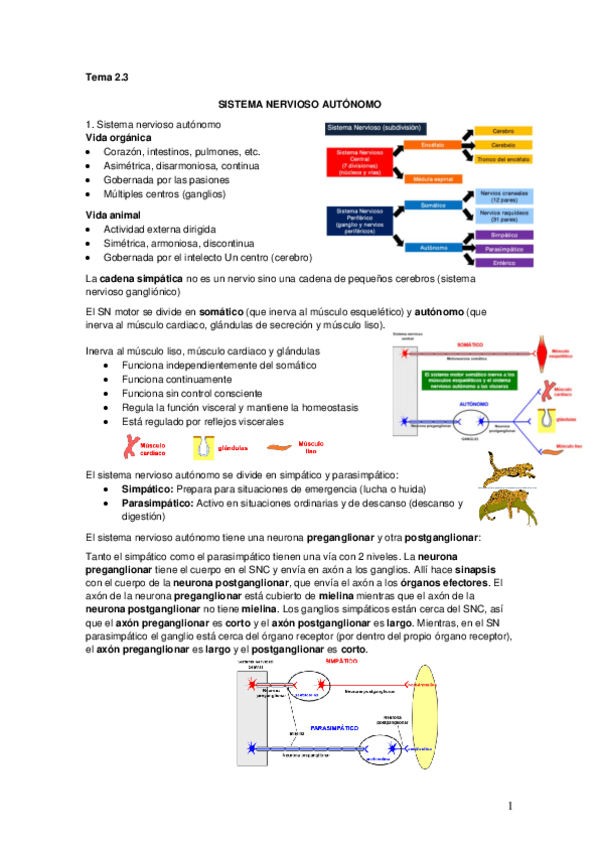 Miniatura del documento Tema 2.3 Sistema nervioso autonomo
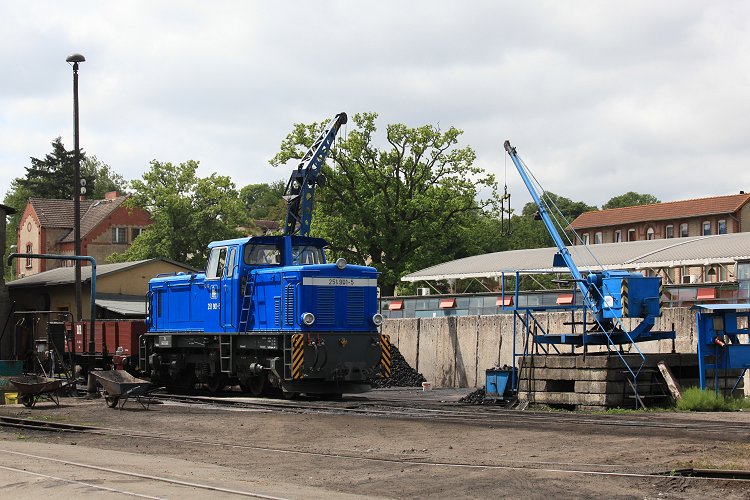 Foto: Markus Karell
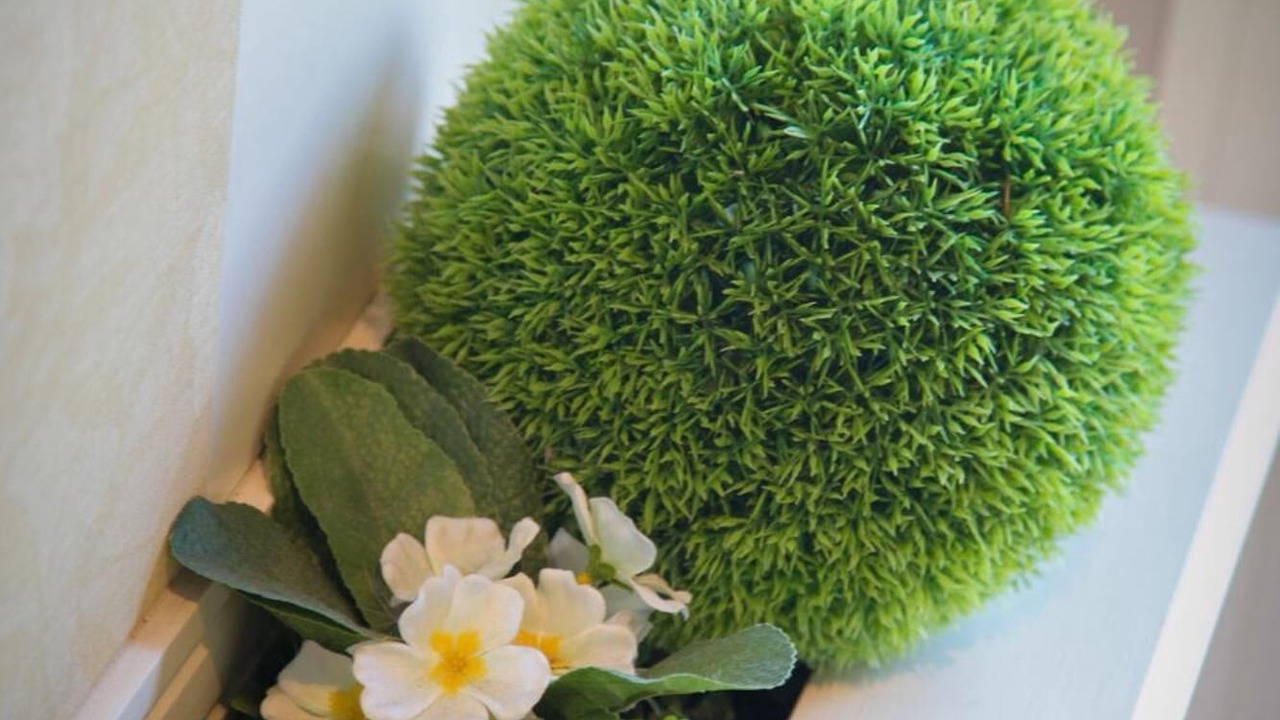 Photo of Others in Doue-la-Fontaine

- - - - -

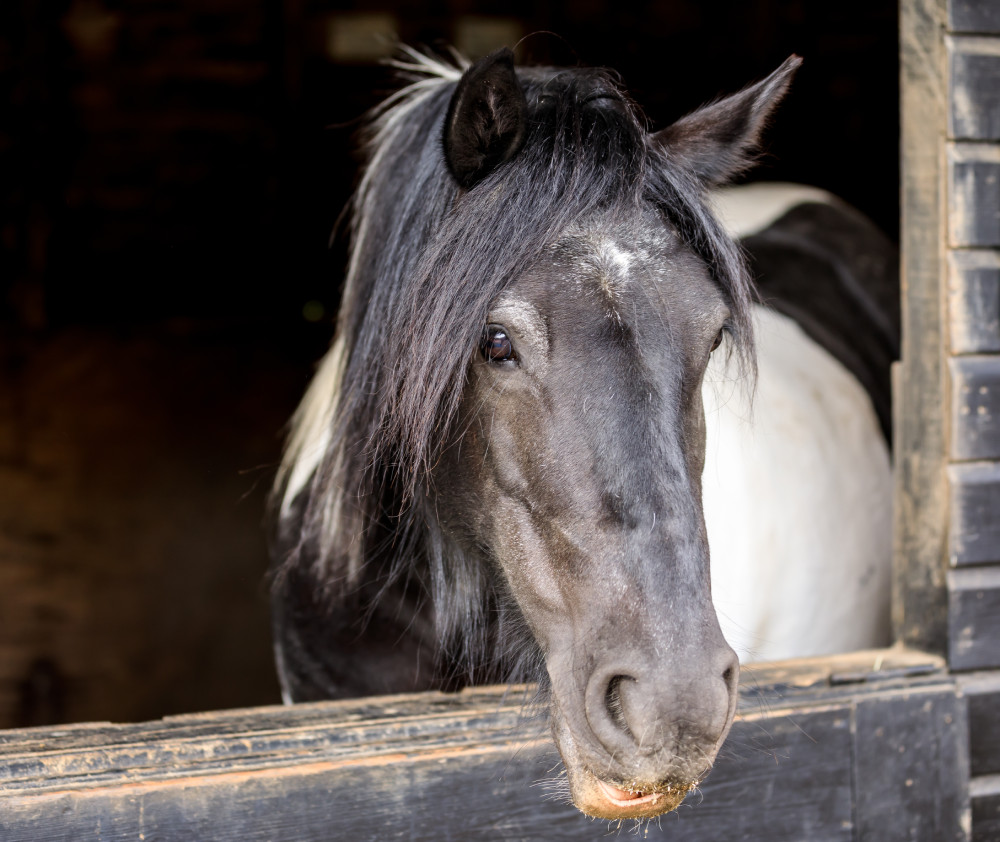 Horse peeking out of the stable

- - - - -

Exercise » Copy needed, without pictures: the lines of the listing above from the line containing "Miniatura del documento" up to and including the line containing "Photo of Others in Doue-la-Fontaine", set down exactly.

Task solution »
 Miniatura del documento Tema 2.3 Sistema nervioso autonomo
 Foto: Markus Karell
 Photo of Others in Doue-la-Fontaine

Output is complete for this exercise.